Remember when every telephone worked all the time?

Forget it. As people abandon rock-solid Plain-Old-Telephones, PBXs and key systems for skittish cell phones and Wintel PCs, the era of dependable communications is all but dead.

As always, Microsoft is a bellweather for user tolerance. In that light, Bill Gate’s Trump-like boast at the Windows Hardware Engineering Conference (WinHEC) in Seattle is either saddening or maddening:

With our mail, we’ve got 240 million users, about the same number with Messenger, over 100 million with Spaces, which is about blogging, and that’s a very new thing, and already big, big numbers.
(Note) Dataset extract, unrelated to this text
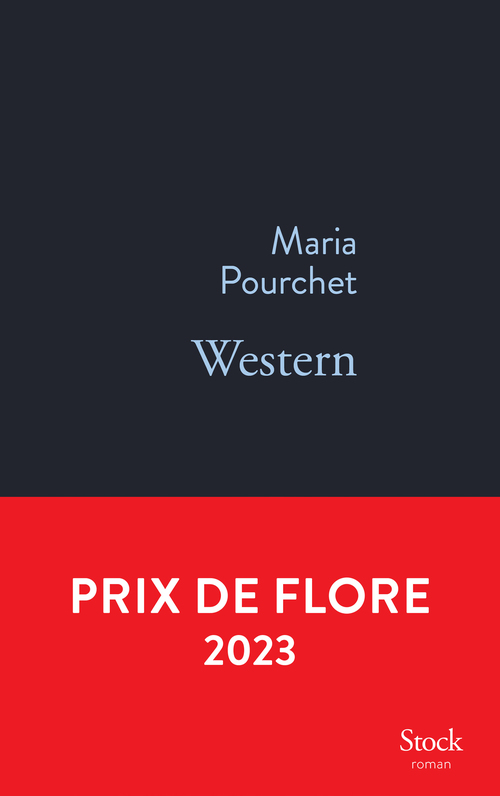 ebook cover of Western, by Maria Pourchet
If you just take one month, we had 800 million minutes of voice, and in the same month a billion minutes of video, and just overwhelming use of those capabilities.

So this is changing communications and how people think about that.

Right. So far, 580 million souls have become accustomed to Hotmail-style Quality of Service and Windows-style security.

And that’s not even counting the cell phone users who accept flimsy equipment with tentative connections.

Gates has a lot in common with Donald Trump, who quips:

When I build something for somebody, I always add $50 million or $60 million onto the price. My guys come in, they say it’s going to cost $75 million.

I say it’s going to cost $125 million, and I build it for $100 million.

Basically, I did a lousy job.

But they think I did a great job.

We’re all doomed.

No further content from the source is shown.